YOUR TASK
Please write out the entire listing below exactly, excluding its pictures.

EXERCISE INPUTS
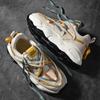 Мужская обувь Кроссовки Мужские теннисные туфли Роскошные мужские повседневные кроссовки для бега Дышащие модные мокасины Кроссовки для мужчин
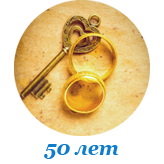 Золотая свадьба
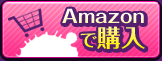 Amazonで購入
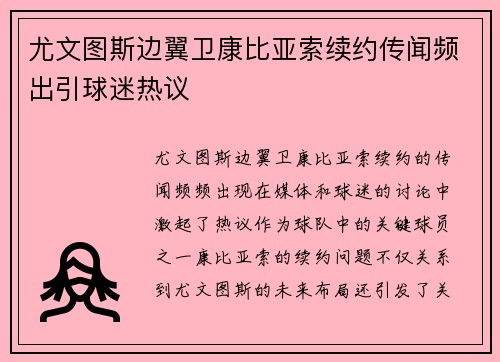 尤文图斯边翼卫康比亚索续约传闻频出引球迷热议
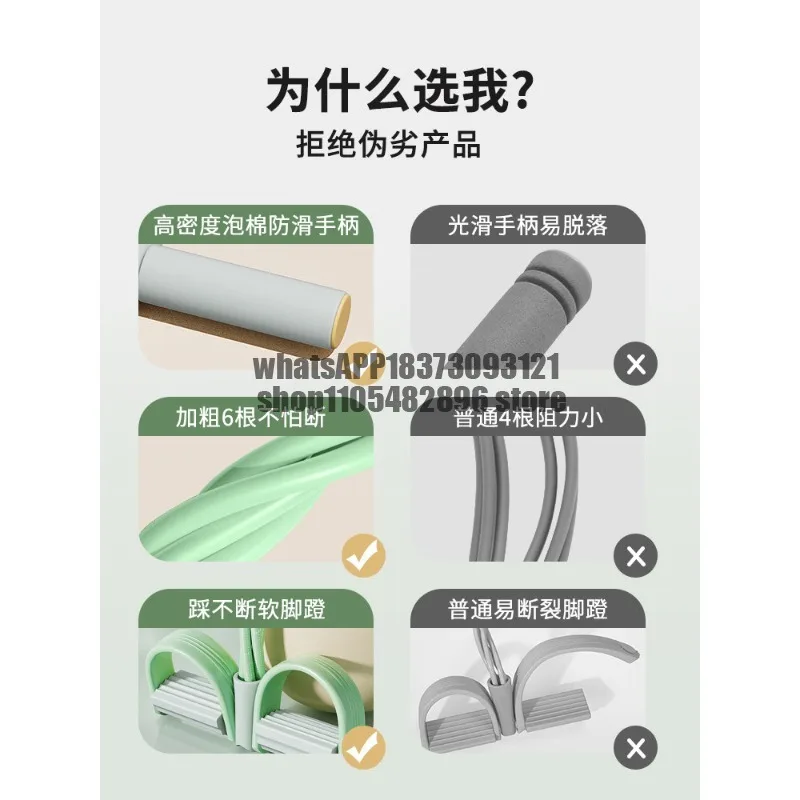 Pedal tension rope open back, fitness exercise leg thin abdominal equipment, elastic pull rope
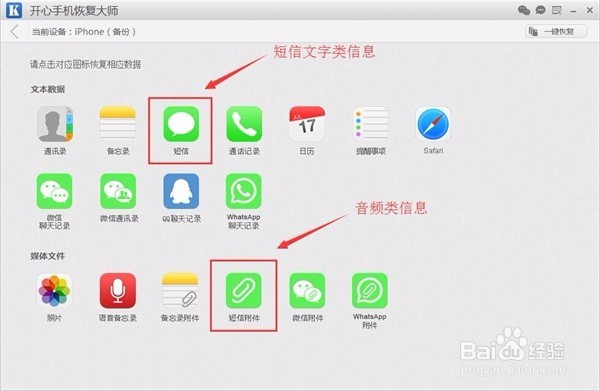 怎么恢复iPhone6上已删除掉的短信
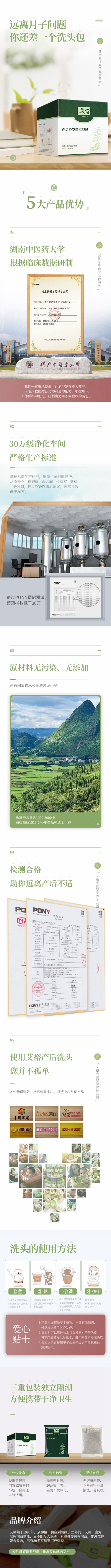 產后護發(fā)草本泡包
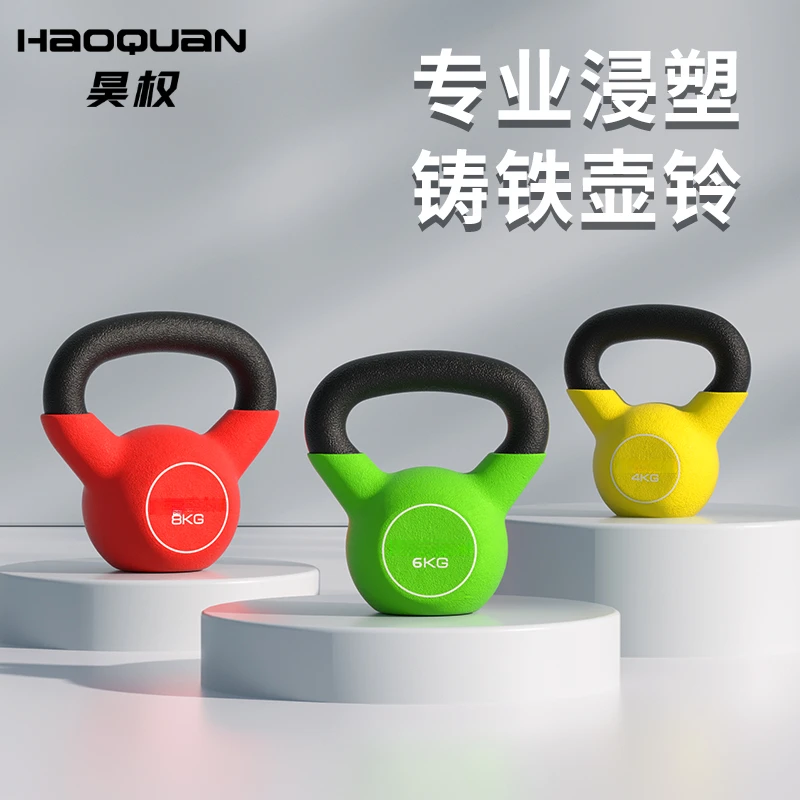 昊权铸铁壶铃磨砂实心训练小体积专业一体健身浸塑大重量男士家用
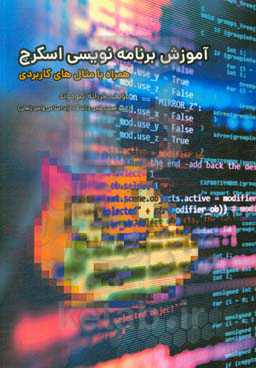 آموزش برنامه‌نویسی اسکرچ (SCRATCH) همراه با مثال‌های کاربردی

EXERCISE RESULT
 Мужская обувь Кроссовки Мужские теннисные туфли Роскошные мужские повседневные кроссовки для бега Дышащие модные мокасины Кроссовки для мужчин
 Золотая свадьба
 Amazonで購入
 尤文图斯边翼卫康比亚索续约传闻频出引球迷热议
 Pedal tension rope open back, fitness exercise leg thin abdominal equipment, elastic pull rope
 怎么恢复iPhone6上已删除掉的短信
 產后護發(fā)草本泡包
 昊权铸铁壶铃磨砂实心训练小体积专业一体健身浸塑大重量男士家用
 آموزش برنامه‌نویسی اسکرچ (SCRATCH) همراه با مثال‌های کاربردی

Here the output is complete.